The Battle of Sekigahara.

21 October 1600. A foggy morning.
The Western army lead by Mitsunara Ishida is waiting at the left side of the riverbank. The Eastern army stationed at the right side of the river is lead by Warlord Tokugawa Leyasu.

Shogun, Daimyo, and Lords have gathered their armies at either side of the river. Some of them deceivingly undecided about which side to choose. Others will change camps in the heath of the battle. About 200 000 warriors are ready to fight the Battle of Sekigahara. Half of them will be perished by the end of the day.

Sailor commissioned Ikki Moroike to create a first limited edition pen "The Battle of Sekigahara" in high-end Maki-e to commemorate this important historical event. He made 28 fountain pens in Togidashi Taka-maki-e with sublime techniques. Each pen is offered in a lacquered box with Maki-e design on the lid. 

The Battle of Sekigahara was probably the most famous decisive Samurai battle that led to the establishment of the Tokugawa shogunate.

In 1590 Toyotomi Hideyoshi unified Japan and exerted power and influence. He had two major rival factions, one led by Tokugawa Leyasu and the other Ishida Mitsunari. After the death of Toyomi Hideyoshi, the relationship between the two groups deteriorated significantly.

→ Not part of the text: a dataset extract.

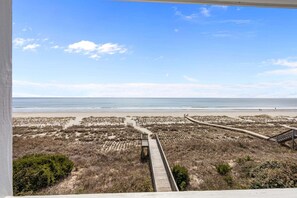 On the beach - Renovated home w/two Oceanfront Covered Porches, Free WiFi, Central AC, W/D (Holden Beach)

In 1600 Sekigahara, which divides eastern and western Japan, became the battlefield fought between the Eastern Army of Tokugawa Leyasu and the Western Army of Ishida Mitsunari.

The Eastern Army consisted of 80 000 soldiers, including famous Samurai Lords such as Kato Kiyomasa and Fukushima Masanori, who did not like the bureaucratic Ishida Mitsunari. The Western Army had 120 000 fighters, including famous samurai Lords such as Mori Terumoto and Ukita Hideie. Tokugawa Leyasu concluded secret agreements before the battle with some of the Western Army going over to the Eastern Army. 

The turning point was Kabayakawa Hideaki’s treachery. Kobayakawa, who owned many soldiers, has also received the offer to switch sides. He and his army changed sides to the Eastern Army once he came under attack from Leyasu’s warning shots. Other samurai Lords who initially fought against the Eastern Army followed Kobayakawa’s decision and attacked the Western Army.

The Eastern Army led by Tokugawa Leyasu won the battle, and later in 1603, he was appointed Shogun by the Emperor. In this way, Tokugawa Leyasu gained the power to rule the entire country, and the Tokugawa Era lasted two and a half centuries, thus securing peace and prosperity. The Battle of Sekigahara is regarded as the last battle in the age of civil wars in the long history of Japan.